TASK BRIEF -
A word-for-word copy of the lines below, starting at the line with "Car Tire Safety Checklist" and ending at the last one, is what you should give. Omit every picture.

DATA -
* * *

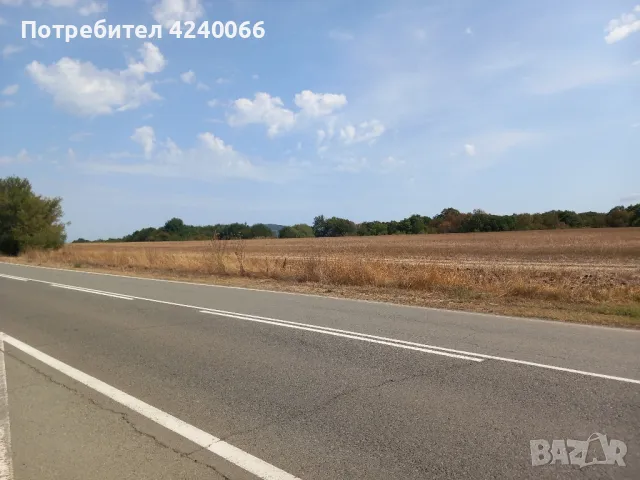 Продава се парцел 11000кв , снимка 3 - Земеделска земя - 50372953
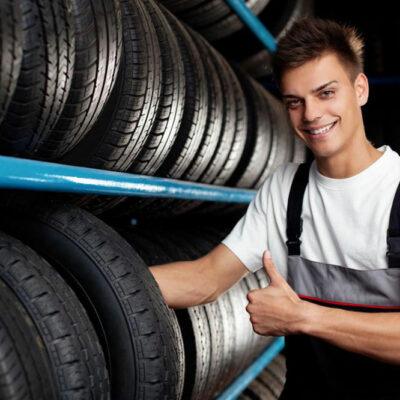 Car Tire Safety Checklist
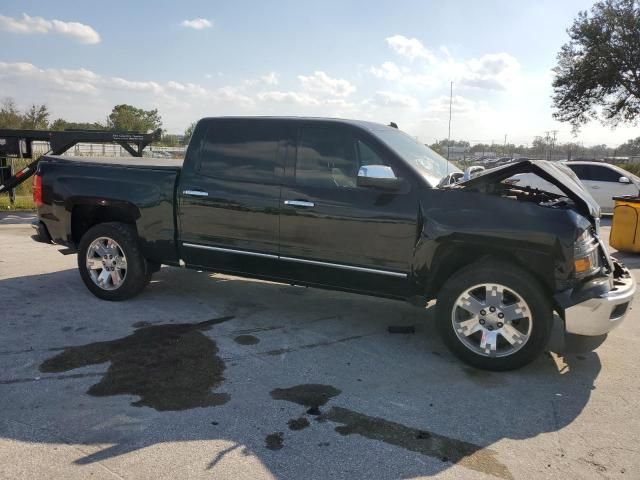 2014 Chevrolet Silverado C1500 LTZ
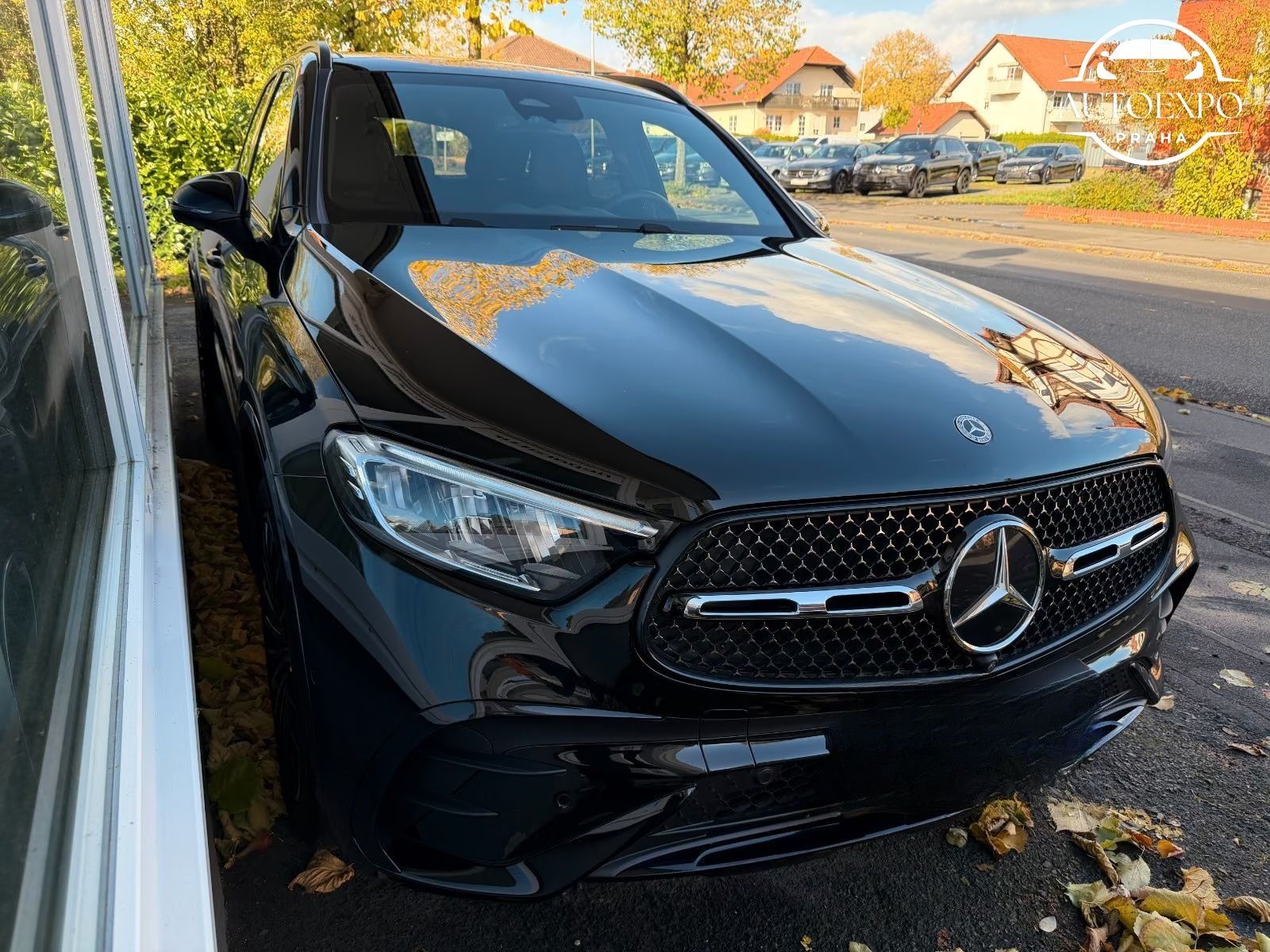Mercedes-Benz GLC, 300d 4Matic* AMG* - fotka 2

* * *

SOLUTION TO THIS EXERCISE -
 Car Tire Safety Checklist
 2014 Chevrolet Silverado C1500 LTZ
Mercedes-Benz GLC, 300d 4Matic* AMG* - fotka 2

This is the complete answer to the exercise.